O Sindifisco Nacional, acompanhado de outras entidades do Fisco estadual e municipal, vem defendendo já há algum tempo a necessidade de um novo paradigma na relação fisco-contribuinte. Precisamos de uma administração tributária que seja transparente e responsiva, capaz de estabelecer uma relação de confiança com o cidadão-contribuinte, baseada na previsibilidade e na segurança jurídica. O Fisco deve ser visto não como antagonista do contribuinte, mas como garantidor de que as regras tributárias serão aplicadas a todos indistintamente, impedindo a concorrência desleal entre os que pagam e os que não pagam os tributos devidos.

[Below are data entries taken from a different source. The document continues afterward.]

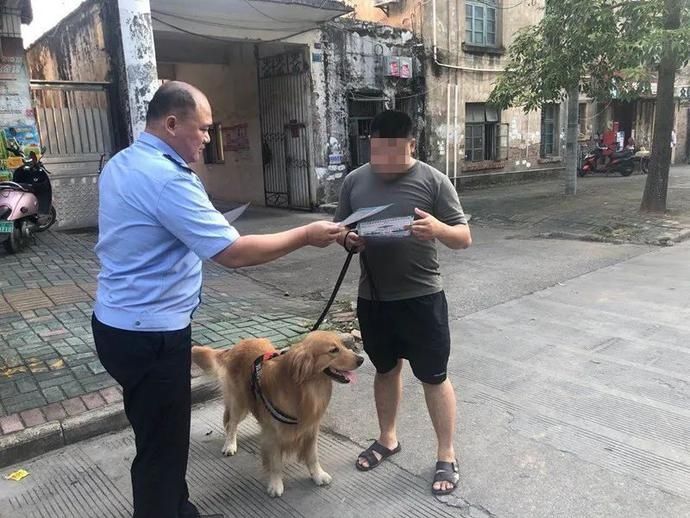 当班|今天我当班丨文明养犬，你是一名合格的“铲屎官”吗？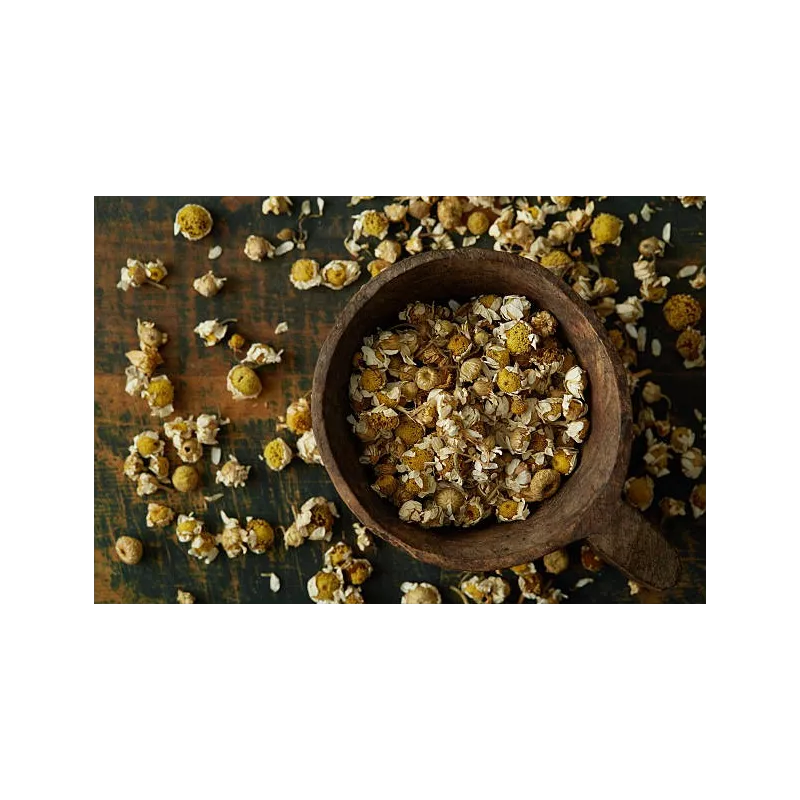 Fleurs de camomille allemande séchées bio De France - Direct produc...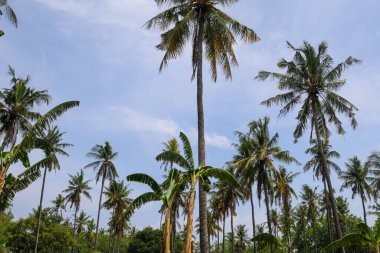 Endonezya 'nın güzelliğini keşfedin.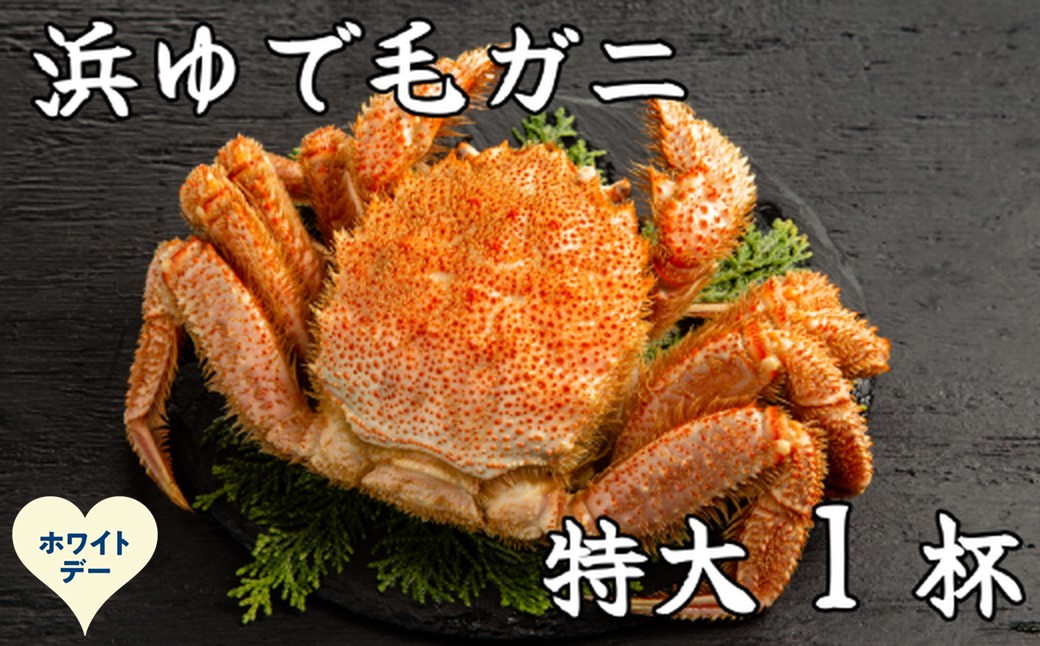 26-54 【ホワイトデー】流氷明け浜ゆで毛ガニ　特大1杯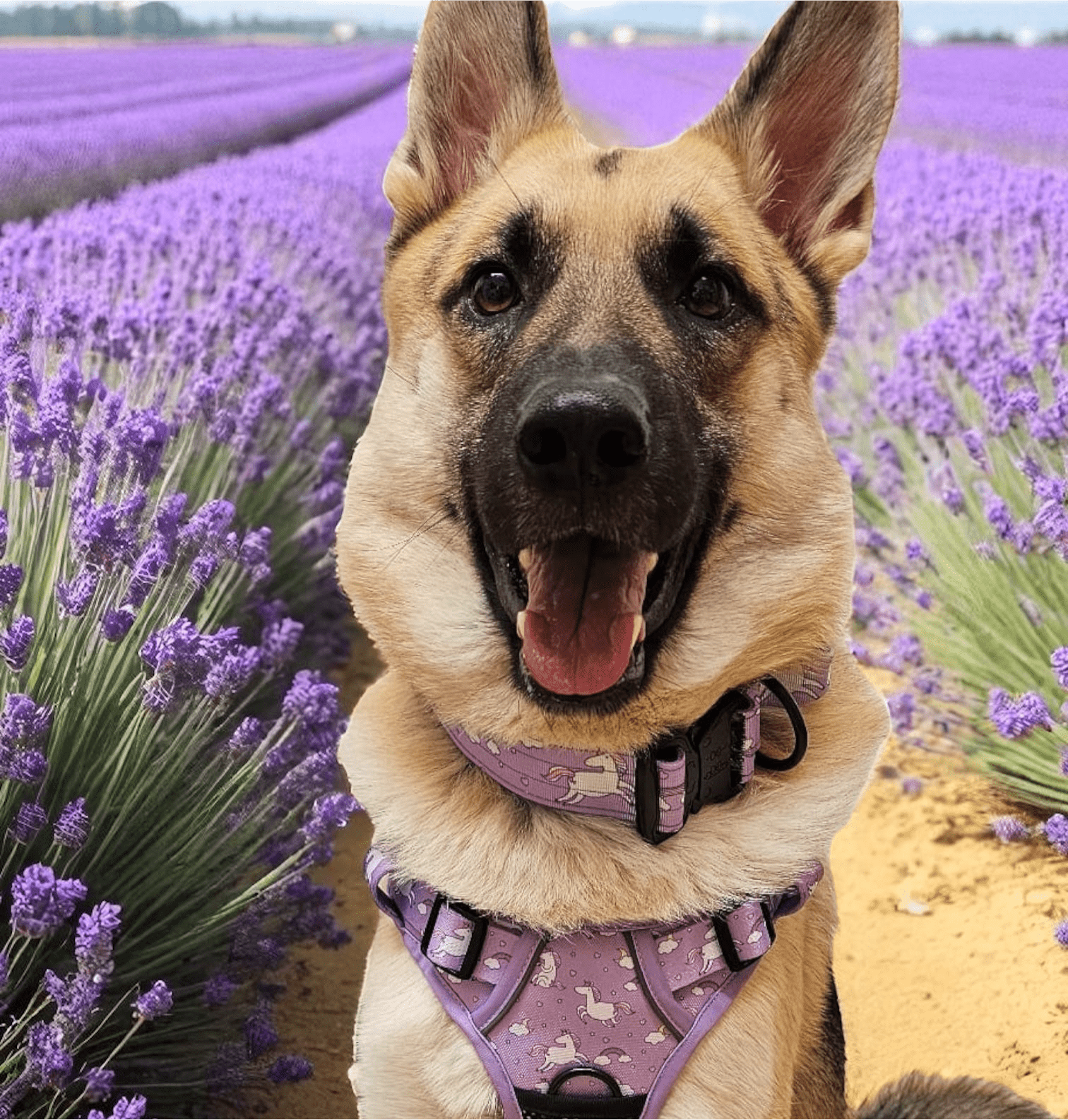 Daydreams and Unicorns Tactical Dog Collar - Pup Chic Boutique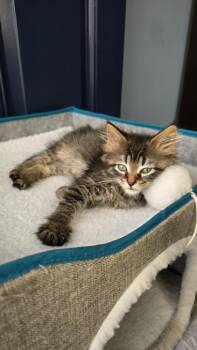Camille -  Domestic Long Hair Cat for Adoption - Camille | PetCurious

Nesse diapasão, temos defendido o alinhamento do Fisco brasileiro a diretrizes internacionais recomendadas pela OCDE e pelo CIAT, que privilegiam práticas de conformidade tributária, permitindo ao Fisco tratar os contribuintes de acordo com seu perfil e histórico. Para aqueles que desejam cumprir as regras tributárias, cabe ao Fisco auxiliar, facilitar, orientar. Por outro lado, aos que fraudam e buscam toda sorte de artifício para ludibriar o Fisco, deve pesar a força da Lei, inclusive com prisão para sonegadores. É assim que as administrações tributárias de países avançados funcionam: orientação e auto regularização na base da pirâmide, aos contribuintes de boa-fé; e medidas de enforcement, representadas pela máxima efetividade da lei e seu cumprimento, aos que decidirem sonegar.

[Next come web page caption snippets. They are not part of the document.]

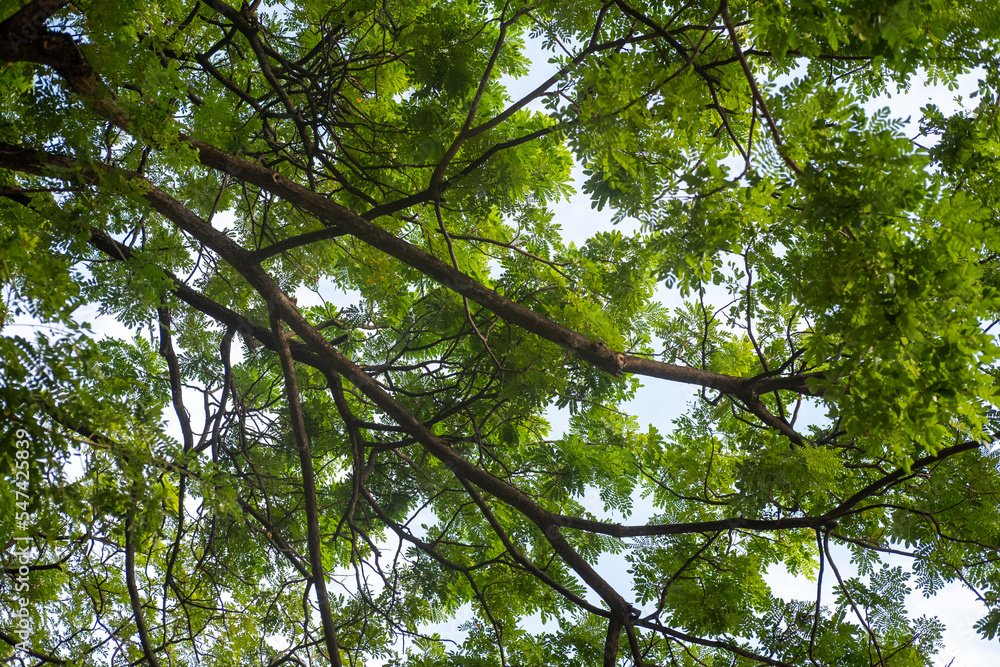 Fototapeta premium View of the large tree with sky on the background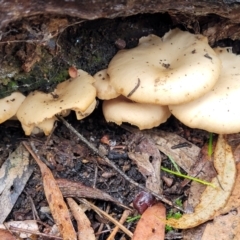 Clitocybe s. l. at O'Connor, ACT - 21 Jun 2022 by trevorpreston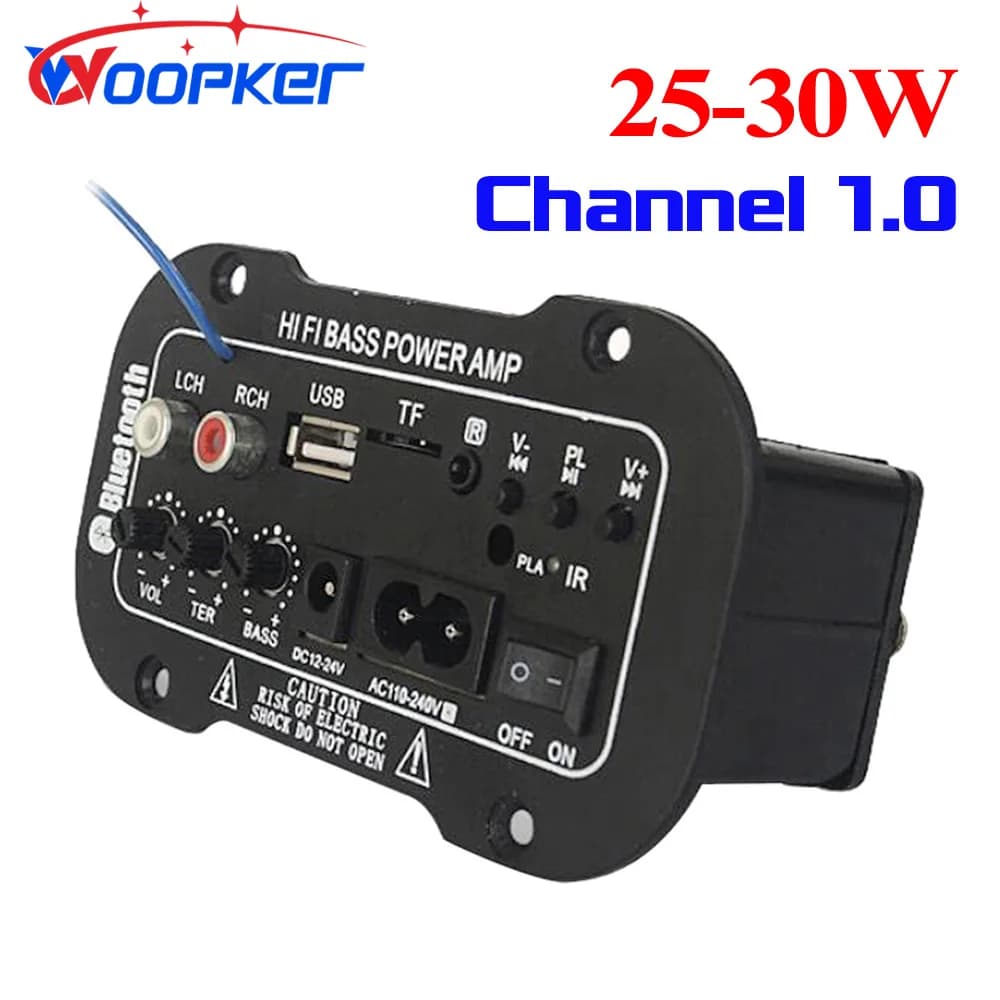 Woopker haut-parleur carte amplificateur bricolage numérique Bluetooth amplificateurs Module AUX TF carte USB 25-30W haut-parleur 110V 220V 12V 24V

Para que alcancemos esse novo paradigma na relação fisco-contribuinte, precisaremos do Congresso Nacional. As leis não permitem que o Fisco separe adequadamente o joio do trigo, e por vezes o bom contribuinte acaba tendo tratamento mais gravoso do que os faltosos. Caso clássico é o dos inúmeros “Refis”, ferramenta de pedagogia às avessas, que tem estimulado muitos contribuintes a não pagarem os tributos devidos, o que faz com que a carga tributária aumente sobre os ombros dos que já pagam muito. Afinal, alguém precisa arcar com as contas do nosso extenso condomínio chamado Brasil.

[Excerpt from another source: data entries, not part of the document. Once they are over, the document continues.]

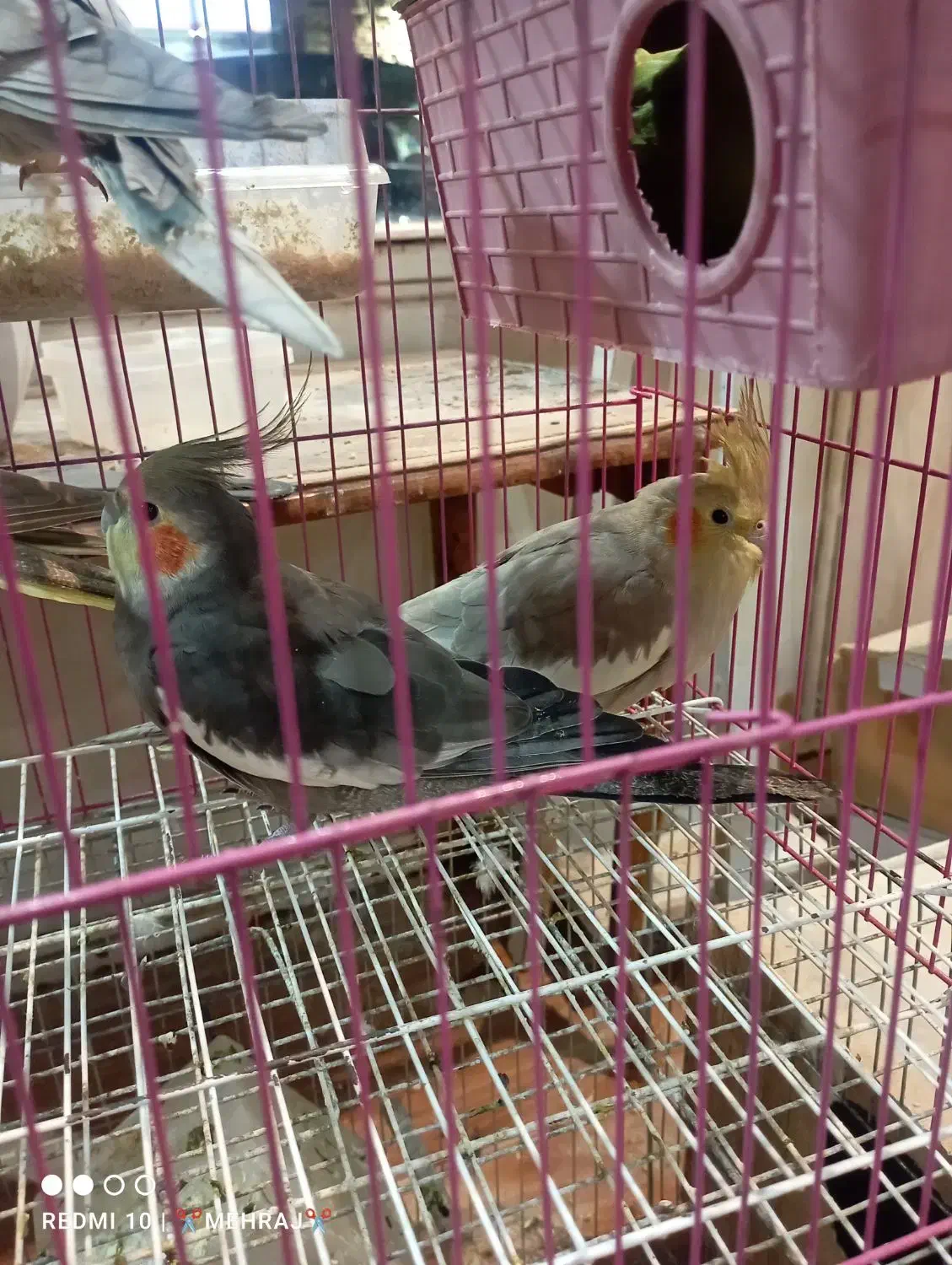 پرنده|پرنده|مینودشت, |دیوار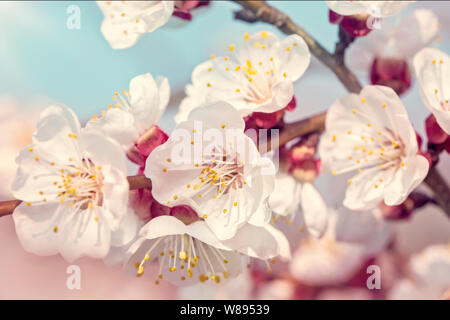 Fioritura di albero di albicocche in primavera Foto Stock
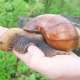 African-snail 2022-07-05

Se o presidente da Câmara quiser dialogar a respeito de propostas para o estabelecimento de uma relação de confiança entre o Fisco e os contribuintes, que tragam previsibilidade e segurança jurídica, o Sindifisco Nacional estará plenamente à disposição de seu gabinete. Temos convicção de que, se o Parlamento levasse em conta a opinião técnica das autoridades tributárias no momento de elaboração das Leis, muito da insegurança jurídica e do contencioso seriam evitados.

Cremos no diálogo entre o Fisco, o Parlamento e os setores econômicos como o melhor caminho para a construção de um sistema tributário moderno, justo e mais simples. Não será com hostilidade e demonstrações de força contra o Fisco que o país sairá do atoleiro tributário em que se encontra.